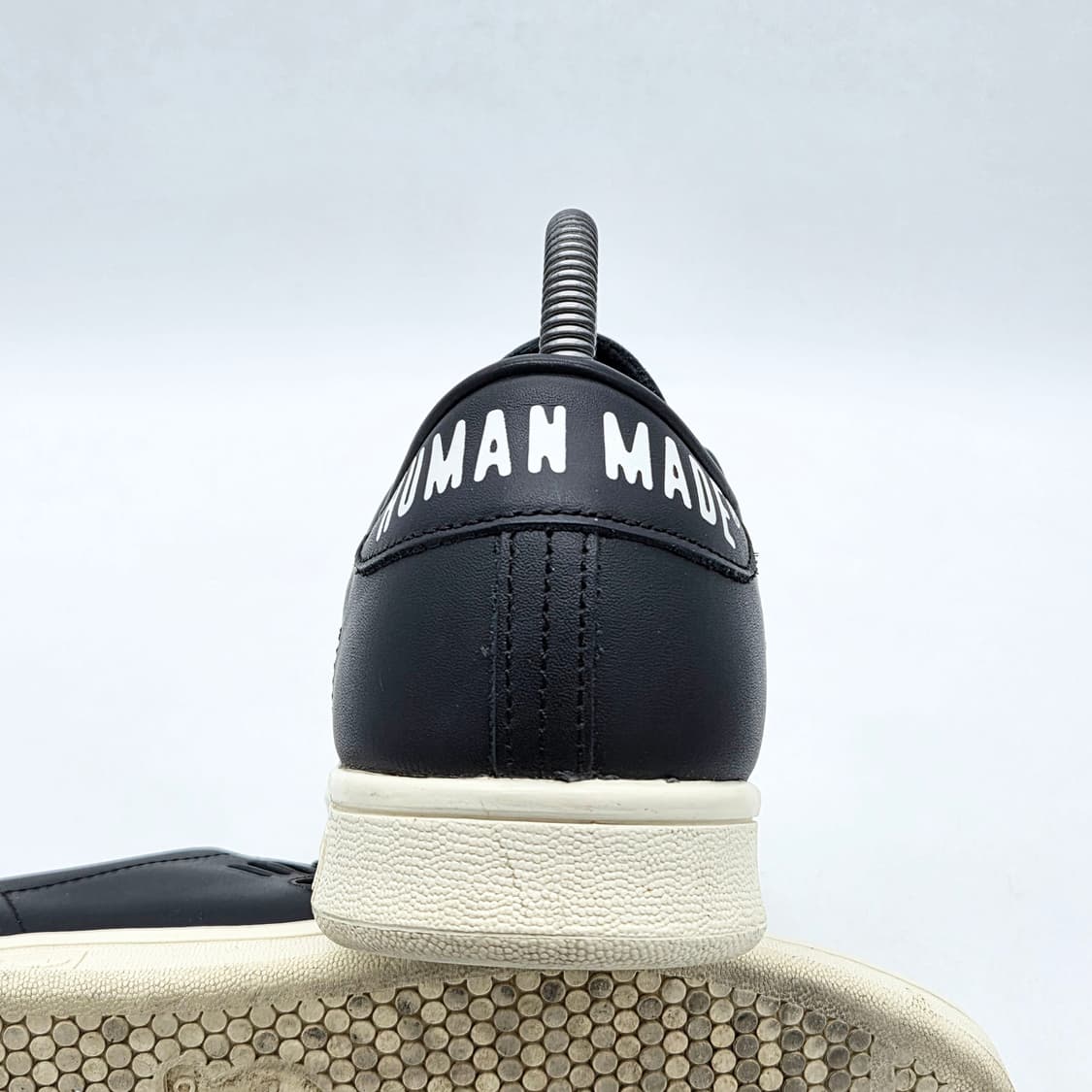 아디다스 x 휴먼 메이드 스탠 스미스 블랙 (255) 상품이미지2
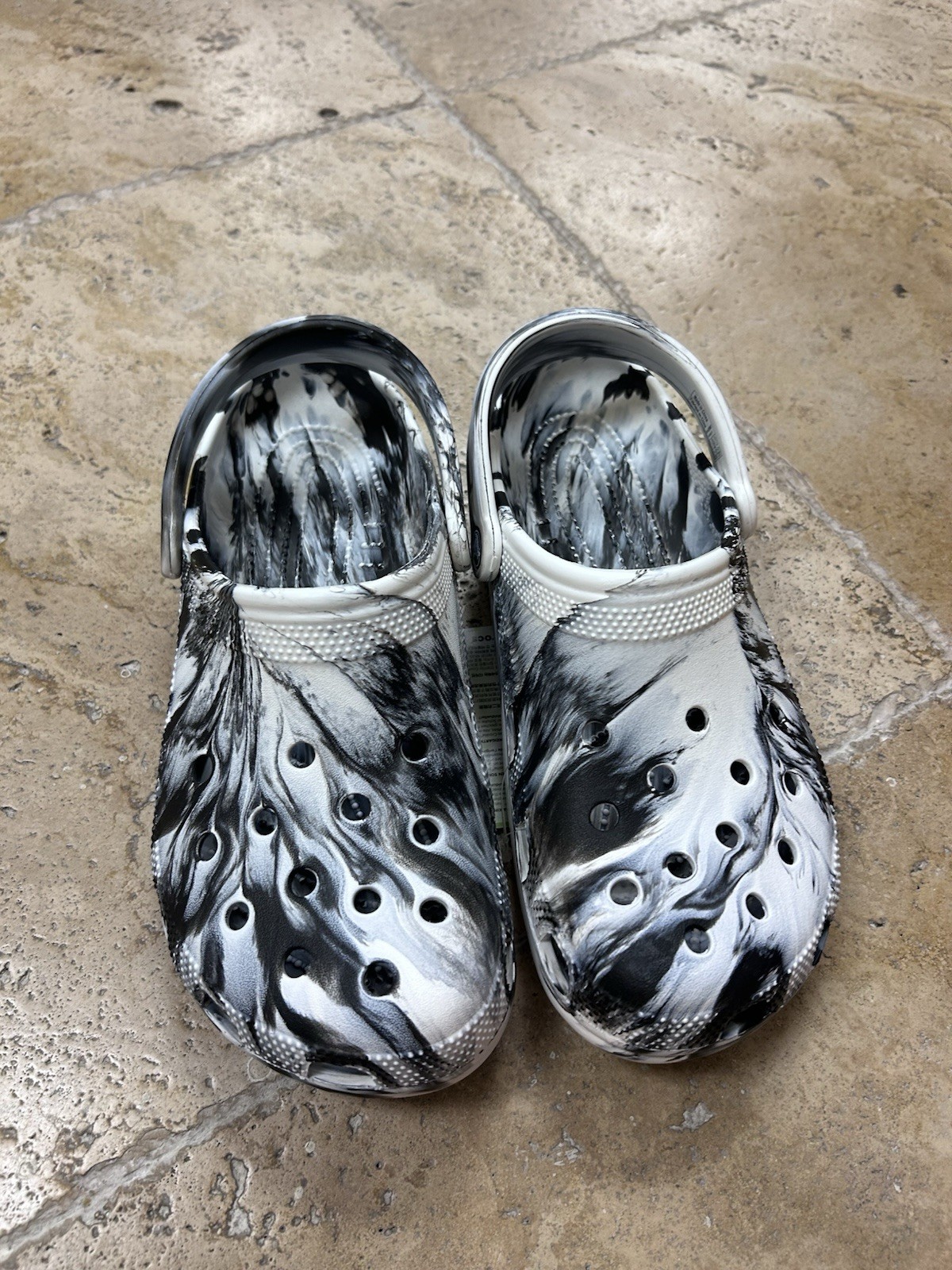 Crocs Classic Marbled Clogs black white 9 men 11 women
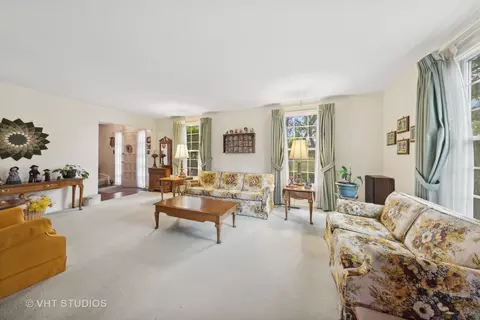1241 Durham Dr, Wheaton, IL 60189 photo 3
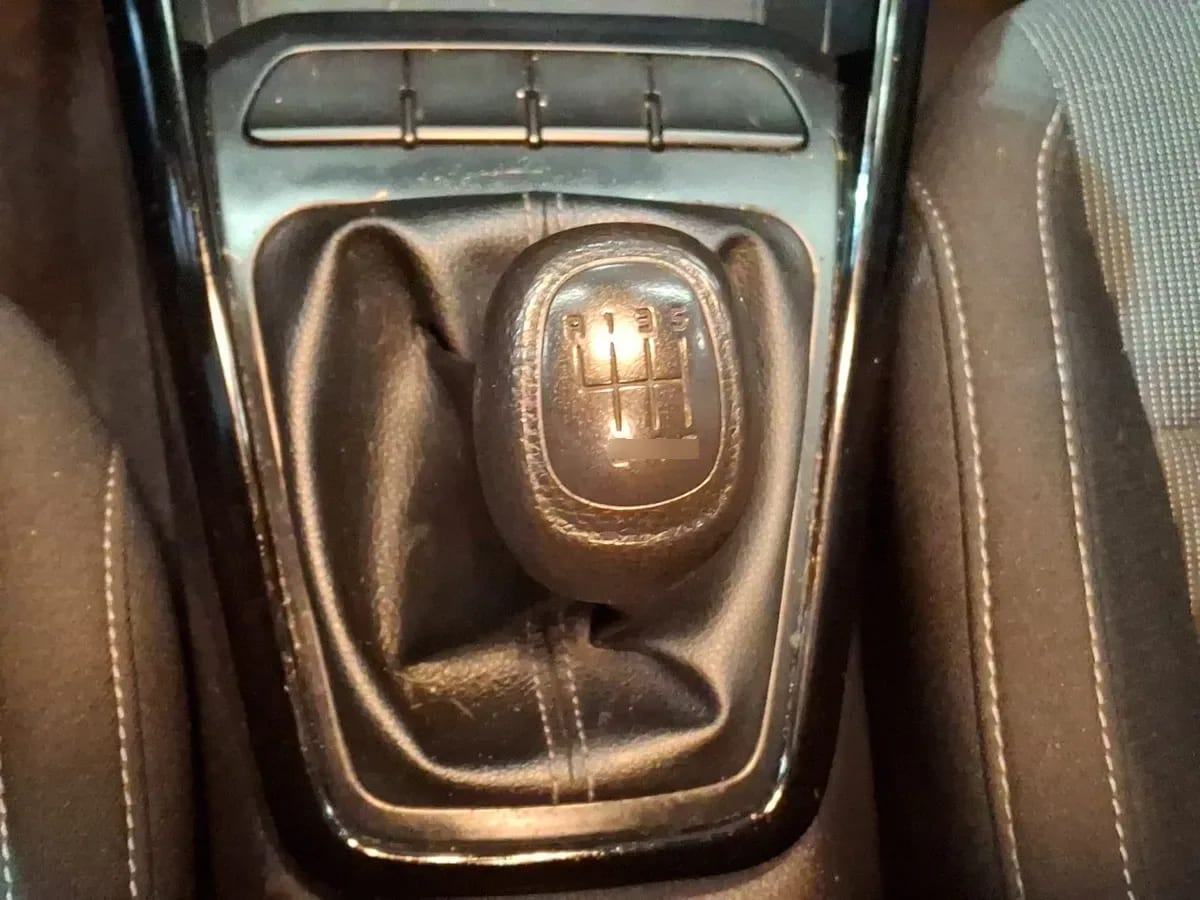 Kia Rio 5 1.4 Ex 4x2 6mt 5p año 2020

==

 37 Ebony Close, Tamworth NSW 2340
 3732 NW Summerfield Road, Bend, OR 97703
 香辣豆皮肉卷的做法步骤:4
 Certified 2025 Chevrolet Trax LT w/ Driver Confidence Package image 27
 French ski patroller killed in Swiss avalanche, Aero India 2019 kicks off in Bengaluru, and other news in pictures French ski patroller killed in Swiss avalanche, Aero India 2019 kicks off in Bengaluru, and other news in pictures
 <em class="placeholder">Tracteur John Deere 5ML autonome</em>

WORK ORDER:
Copy only this from above: the line containing "아디다스 x 휴먼 메이드 스탠 스미스 블랙 (255) 상품이미지2", the line containing "Kia Rio 5 1.4 Ex 4x2 6mt 5p año 2020", and all lines between, printed exactly. Leave out the pictures.

TASK ANSWER:
 아디다스 x 휴먼 메이드 스탠 스미스 블랙 (255) 상품이미지2
 Crocs Classic Marbled Clogs black white 9 men 11 women
1241 Durham Dr, Wheaton, IL 60189 photo 3
 Kia Rio 5 1.4 Ex 4x2 6mt 5p año 2020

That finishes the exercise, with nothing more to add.